Can you share some of that data with us?


----------



## Ron-NY (Mar 22, 2007)

gonewild said:


> Isaias, Do you know how many hybrids CJM has registered with INRENA?


I believe the number I heard from Alfredo last fall was either 12 or 14


----------



## NYEric (Mar 22, 2007)

When I rec'd my Pk x besseae it had the IRENA paperwork included. It reminded me of a WW2 movie, "Your Papers please!".


----------



## gonewild (Mar 22, 2007)

NYEric said:


> When I rec'd my Pk x besseae it had the IRENA paperwork included. It reminded me of a WW2 movie, "Your Papers please!".



What was his name? The guy on Hogan's Heros that made all their documents? Dunkirk or something? I wonder if he has gone into making kovachii papers? :clap:


----------



## Hien (Mar 22, 2007)

Ron-NY said:


> I believe the number I heard from Alfredo last fall was either 12 or 14


 Should we start putting away money for the new crosses yet?


----------



## gonewild (Mar 22, 2007)

Hien said:


> Should we start putting away money for the new crosses yet?

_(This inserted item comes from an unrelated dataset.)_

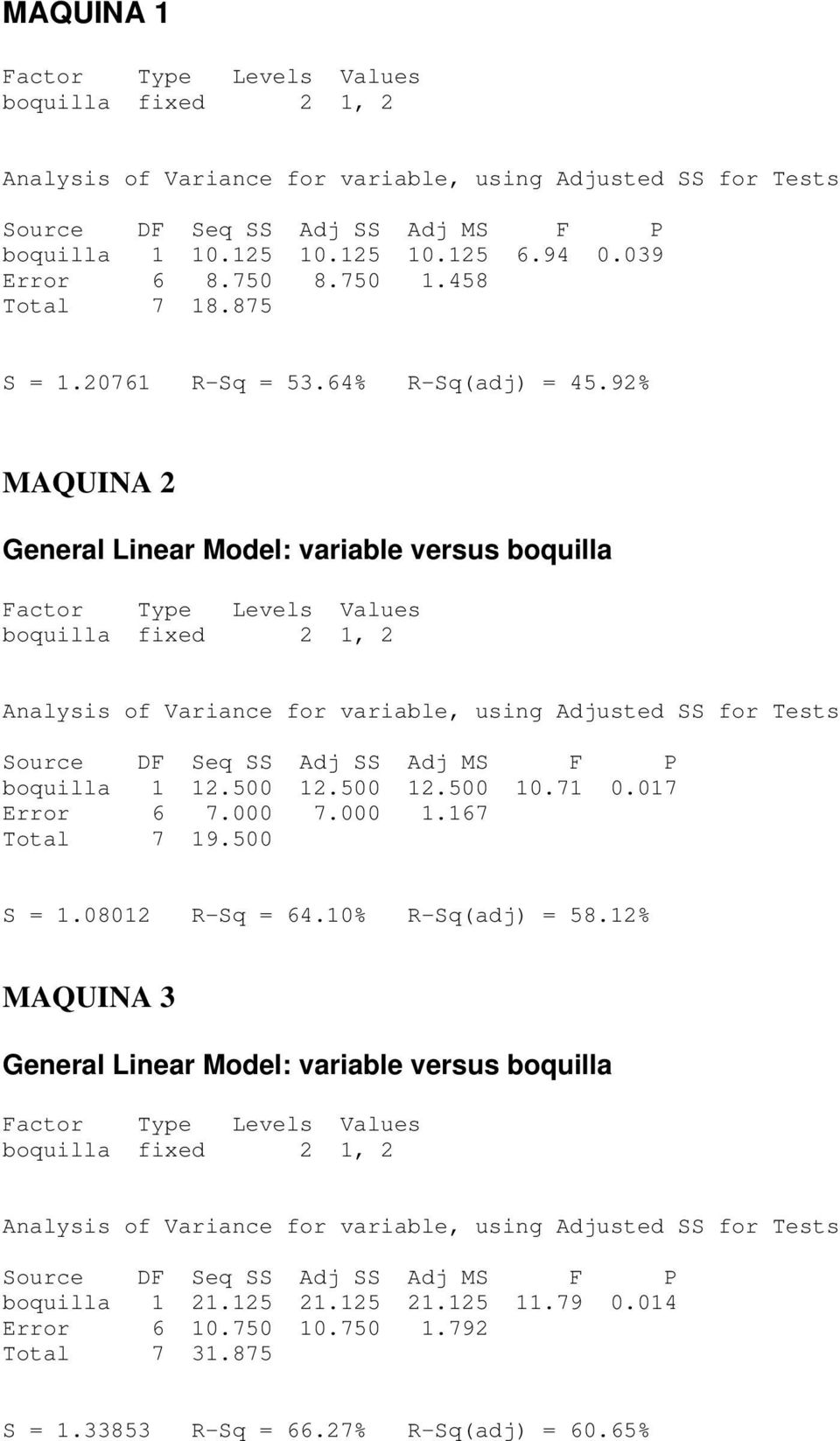 9% MAQUINA General Linear Model: variable versus boquilla boquilla fixed 1, Analysis of Variance for variable, using Adjusted SS for Tests boquilla 1 1.500 1.500 1.500 10.71 0.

Put money away but don't hold your breath.


----------



## Leo Schordje (Mar 22, 2007)

Alfredo Manrique will have seedlings in 2.5 inch pots available at his talk 4/28 & 4/29 in Chicago. These will be the 4 hybrids Piping Rock has had listed. Go to http://www.pipingrockorchids.com/KBindex.htm
If you would like to hear Alfredo speak go to www.iosoc.com for the Illinois Orchid Society website to register for the conference in order to hear Alfredo speak. The lectures are closed to the public, show registrants only may attend. Cost is only $60 through 3/31, then rises to $75 on 4/1
You can then ask Alfredo himself how many more hybrids he has coming along !!!
Leo


----------



## Hien (Mar 22, 2007)

gonewild said:


> Put money away but don't hold your breath.



 You mean to say : the new crosses will be breathtaking


----------



## gonewild (Mar 22, 2007)

Hien said:


> You mean to say : the new crosses will be breathtaking



Well that is true but not what I meant to say. I meant you may turn blue impatiently waiting to spend your money.


----------



## NYEric (Mar 23, 2007)

gonewild said:


> Well that is true but not what I meant to say. I meant you may turn blue impatiently waiting to spend your money.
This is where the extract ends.